Stored entries
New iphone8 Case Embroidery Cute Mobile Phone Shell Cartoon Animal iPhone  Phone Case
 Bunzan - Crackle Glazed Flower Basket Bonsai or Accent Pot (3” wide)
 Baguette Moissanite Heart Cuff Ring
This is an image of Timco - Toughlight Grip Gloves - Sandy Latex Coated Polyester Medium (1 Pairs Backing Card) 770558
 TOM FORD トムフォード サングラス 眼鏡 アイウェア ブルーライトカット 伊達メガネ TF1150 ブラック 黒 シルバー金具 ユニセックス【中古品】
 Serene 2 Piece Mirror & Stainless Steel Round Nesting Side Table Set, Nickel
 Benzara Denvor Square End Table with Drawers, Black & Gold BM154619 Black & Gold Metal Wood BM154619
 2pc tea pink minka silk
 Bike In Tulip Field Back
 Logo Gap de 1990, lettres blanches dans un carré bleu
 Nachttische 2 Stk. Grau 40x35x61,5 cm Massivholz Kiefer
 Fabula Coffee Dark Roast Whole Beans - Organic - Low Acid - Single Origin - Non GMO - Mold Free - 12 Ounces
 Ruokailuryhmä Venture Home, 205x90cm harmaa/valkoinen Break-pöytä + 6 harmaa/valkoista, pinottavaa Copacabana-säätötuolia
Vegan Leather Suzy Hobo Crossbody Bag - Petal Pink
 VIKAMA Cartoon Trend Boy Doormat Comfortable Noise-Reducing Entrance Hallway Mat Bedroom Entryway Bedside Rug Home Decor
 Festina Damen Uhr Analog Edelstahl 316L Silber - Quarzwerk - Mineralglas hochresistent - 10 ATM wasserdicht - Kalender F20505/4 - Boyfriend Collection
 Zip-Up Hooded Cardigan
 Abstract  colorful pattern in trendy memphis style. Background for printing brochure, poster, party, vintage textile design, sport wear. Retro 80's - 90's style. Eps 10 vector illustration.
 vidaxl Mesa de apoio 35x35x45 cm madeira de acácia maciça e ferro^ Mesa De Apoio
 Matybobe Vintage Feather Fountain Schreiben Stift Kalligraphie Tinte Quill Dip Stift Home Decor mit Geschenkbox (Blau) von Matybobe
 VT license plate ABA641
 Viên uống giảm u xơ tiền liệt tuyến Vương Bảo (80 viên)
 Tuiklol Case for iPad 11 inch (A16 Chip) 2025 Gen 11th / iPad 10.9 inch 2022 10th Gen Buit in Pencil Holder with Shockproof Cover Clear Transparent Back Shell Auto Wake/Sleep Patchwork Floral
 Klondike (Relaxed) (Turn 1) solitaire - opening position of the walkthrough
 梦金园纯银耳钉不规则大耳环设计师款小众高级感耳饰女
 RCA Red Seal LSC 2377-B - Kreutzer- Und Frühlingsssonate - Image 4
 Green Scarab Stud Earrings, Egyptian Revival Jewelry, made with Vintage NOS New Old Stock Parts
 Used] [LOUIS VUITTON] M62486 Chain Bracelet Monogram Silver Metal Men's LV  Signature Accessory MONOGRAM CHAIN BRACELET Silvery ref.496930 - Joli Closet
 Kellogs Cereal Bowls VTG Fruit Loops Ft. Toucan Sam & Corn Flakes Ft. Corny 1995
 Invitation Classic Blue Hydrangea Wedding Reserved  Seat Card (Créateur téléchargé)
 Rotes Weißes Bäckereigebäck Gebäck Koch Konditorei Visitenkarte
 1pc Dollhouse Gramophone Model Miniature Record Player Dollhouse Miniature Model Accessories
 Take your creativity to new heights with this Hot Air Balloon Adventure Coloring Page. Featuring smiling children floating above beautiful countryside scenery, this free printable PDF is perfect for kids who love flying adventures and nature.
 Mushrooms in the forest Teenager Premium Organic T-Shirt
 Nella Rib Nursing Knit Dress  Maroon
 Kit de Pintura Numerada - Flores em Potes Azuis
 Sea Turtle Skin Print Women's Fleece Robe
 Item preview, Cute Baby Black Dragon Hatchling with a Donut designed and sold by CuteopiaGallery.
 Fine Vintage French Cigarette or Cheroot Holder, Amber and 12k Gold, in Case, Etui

Assigned task - Start at the first line of the entries and stop at the line with "Baguette Moissanite Heart Cuff Ring". Retype each of those lines exactly, both ends included.

Answer area -
New iphone8 Case Embroidery Cute Mobile Phone Shell Cartoon Animal iPhone  Phone Case
 Bunzan - Crackle Glazed Flower Basket Bonsai or Accent Pot (3” wide)
 Baguette Moissanite Heart Cuff Ring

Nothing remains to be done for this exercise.